Ok, no big deal, so a drive died. RAID 1 should be able to boot off the other drive. But it still blue screens and reboots. Hrm. Use F8 to prevent restart on failure and then see the blue screen in all its glory:

UNMOUNTABLE BOOT VOLUME

WHAT? Start looking for ways to possibly remove the drive from the RAID without killing the data, but can't find anything. Try safe mode and some other options, still nothing. Finally go looking through the disk utilities on the RAID controller and find a "Verify Disk Media" command. Run that, it finds a sector that needs to be remapped, restarts, chkdsk, Windows boots. Woot!
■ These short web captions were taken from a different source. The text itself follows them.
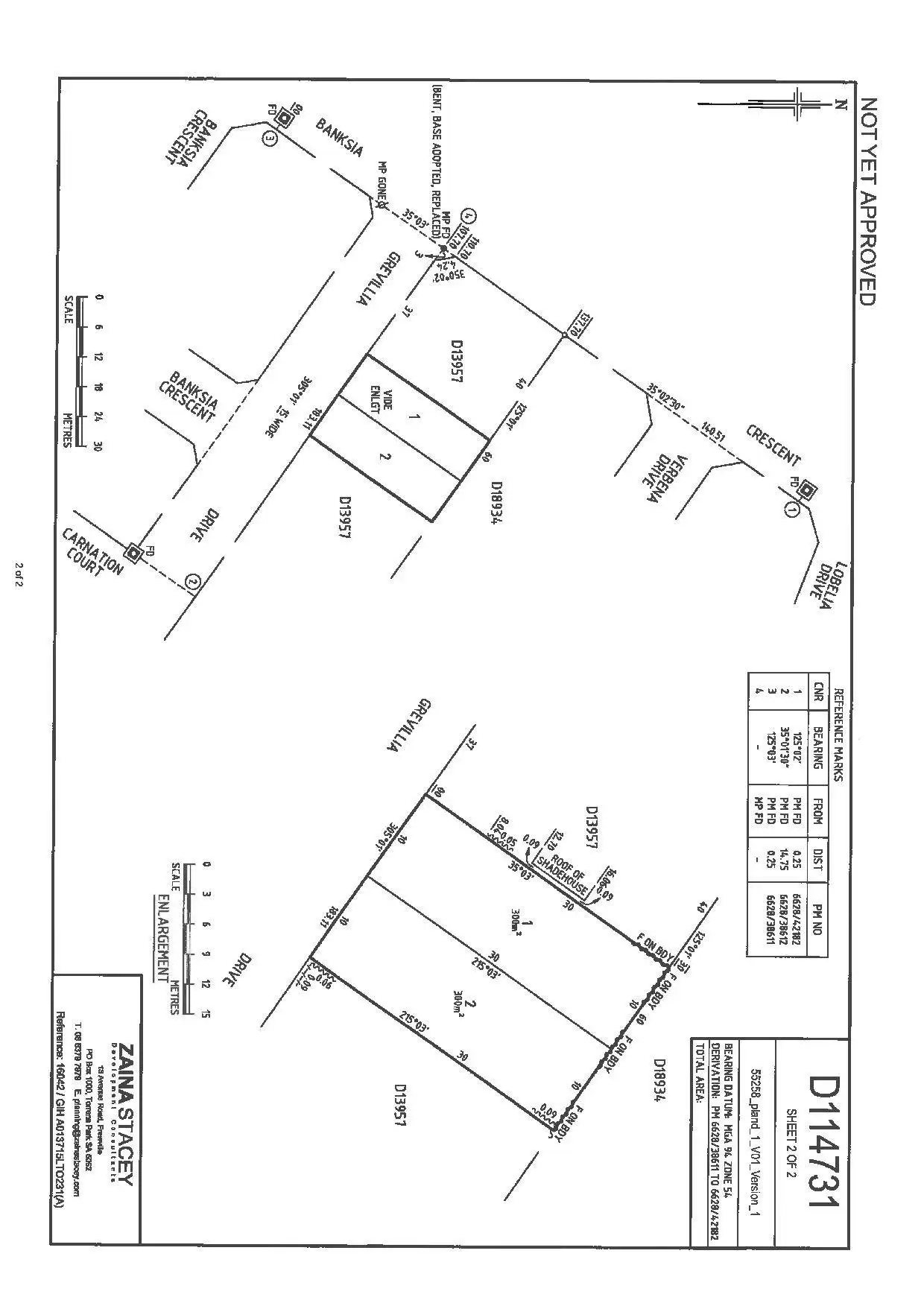 Floorplan of Homely land listing, LOT 1 Grevillia Drive, Parafield Gardens SA 5107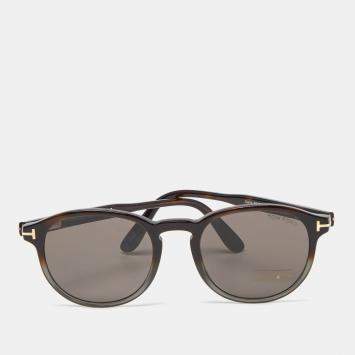 Pre Owned Tom Ford Black Sunglasses 52
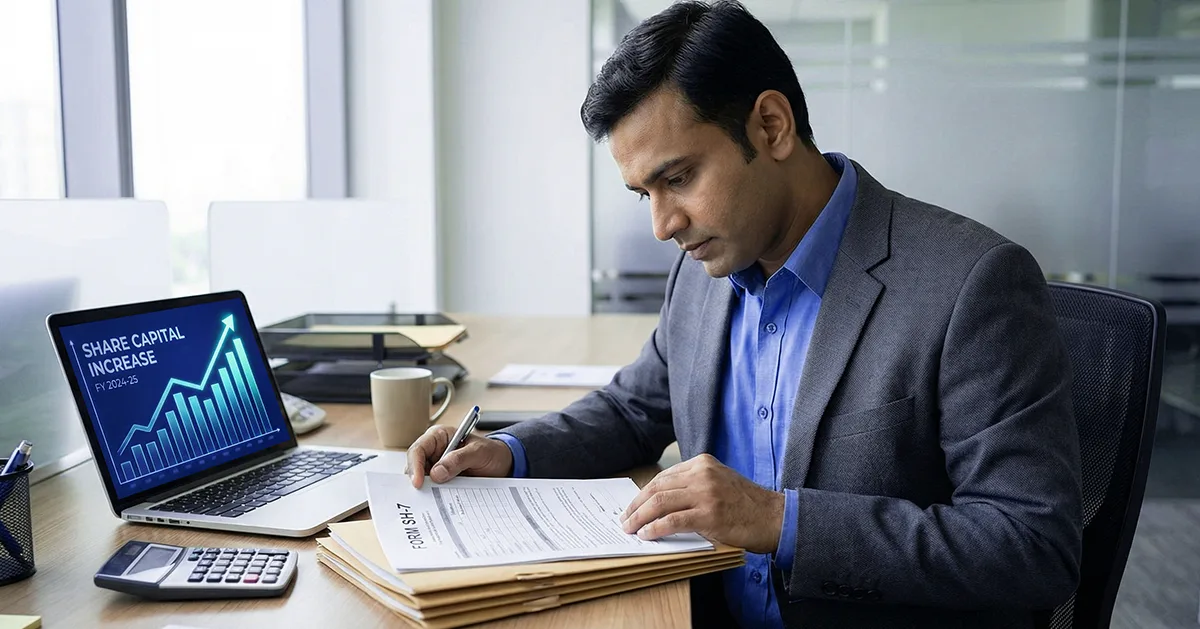 Form SH-7: Alteration in Authorized Capital Form SH-7: Alteration in Authorized Capital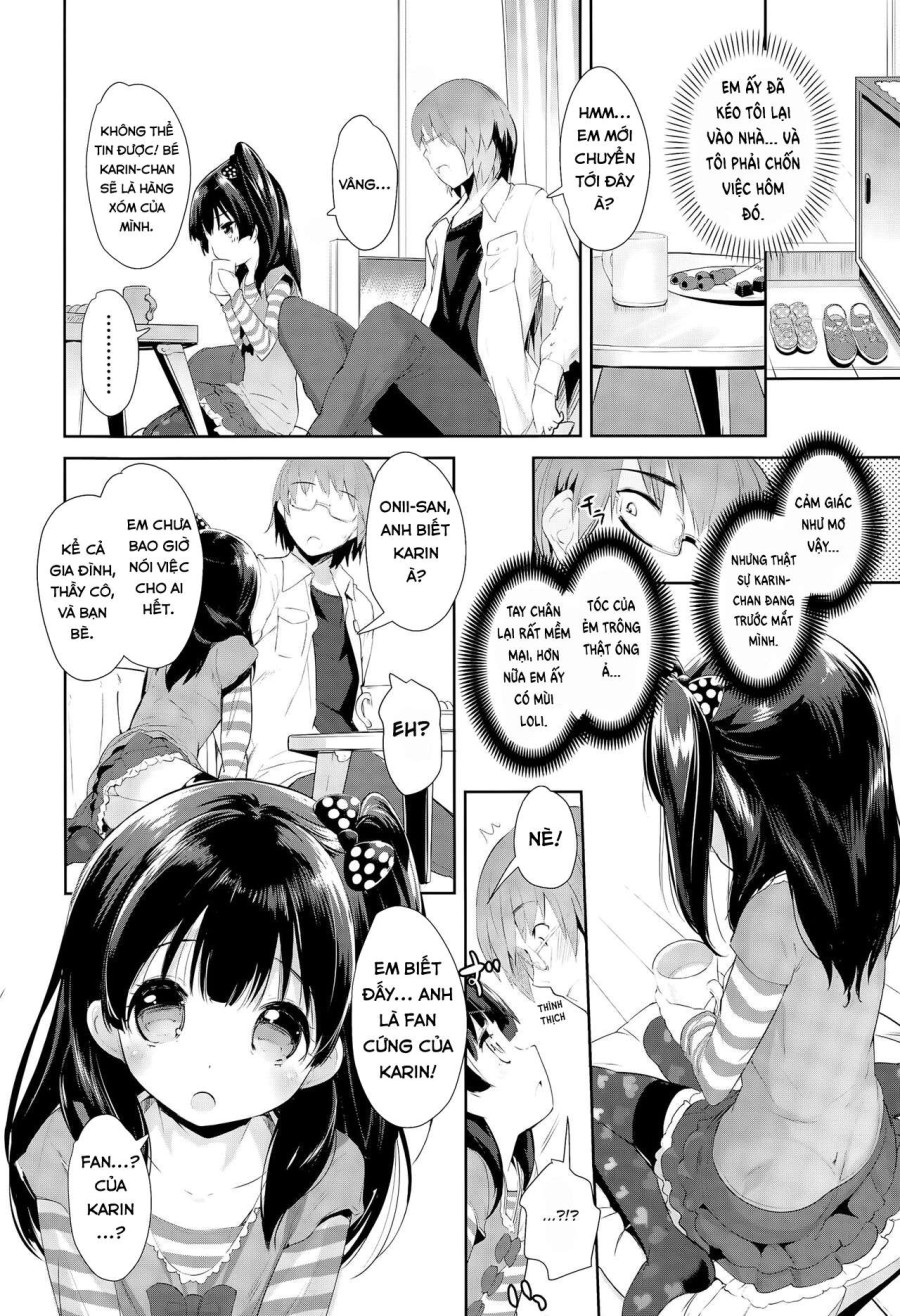 Tôi may mắn được húp bé loli idol nhà kế bên.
Now the question is.... Why the heck did I have to go through all that trouble? I thought the whole purpose of RAID 1 was to prevent downtime like that. The only thing I could figure is that the dying hard drive spewed crap onto the controller before it died which affected the other drive. Any other ideas?

wsuffa · May 29, 2006

Perhaps the controller (or, if in software, the OS) couldn't distinguish which drive was bad. In which case it went "Pbbbtttt".

If this system boots from one drive or the other, and you lost sectors on the boot drive, that can result in a similar event.

In the end, it appears you didn't lose data, so all is well.

I assume you'll be replacing the drive that had to be remapped.

wbarnhill · May 29, 2006

wsuffa said:
Perhaps the controller (or, if in software, the OS) couldn't distinguish which drive was bad. In which case it went "Pbbbtttt".

If this system boots from one drive or the other, and you lost sectors on the boot drive, that can result in a similar event.

In the end, it appears you didn't lose data, so all is well.

I assume you'll be replacing the drive that had to be remapped.

It's a hardware controller... but it knew which drive was gone, because it listed it as "missing". Removed it from the bay (booting off the one good drive) and still the same thing. We're going to order a new drive to rebuild the mirror, but it doesn't appear that any damage was done... But it's something to remember if we have the same problem in the future.

wsuffa · May 29, 2006

wbarnhill said:
It's a hardware controller... but it knew which drive was gone, because it listed it as "missing". Removed it from the bay (booting off the one good drive) and still the same thing. We're going to order a new drive to rebuild the mirror, but it doesn't appear that any damage was done... But it's something to remember if we have the same problem in the future.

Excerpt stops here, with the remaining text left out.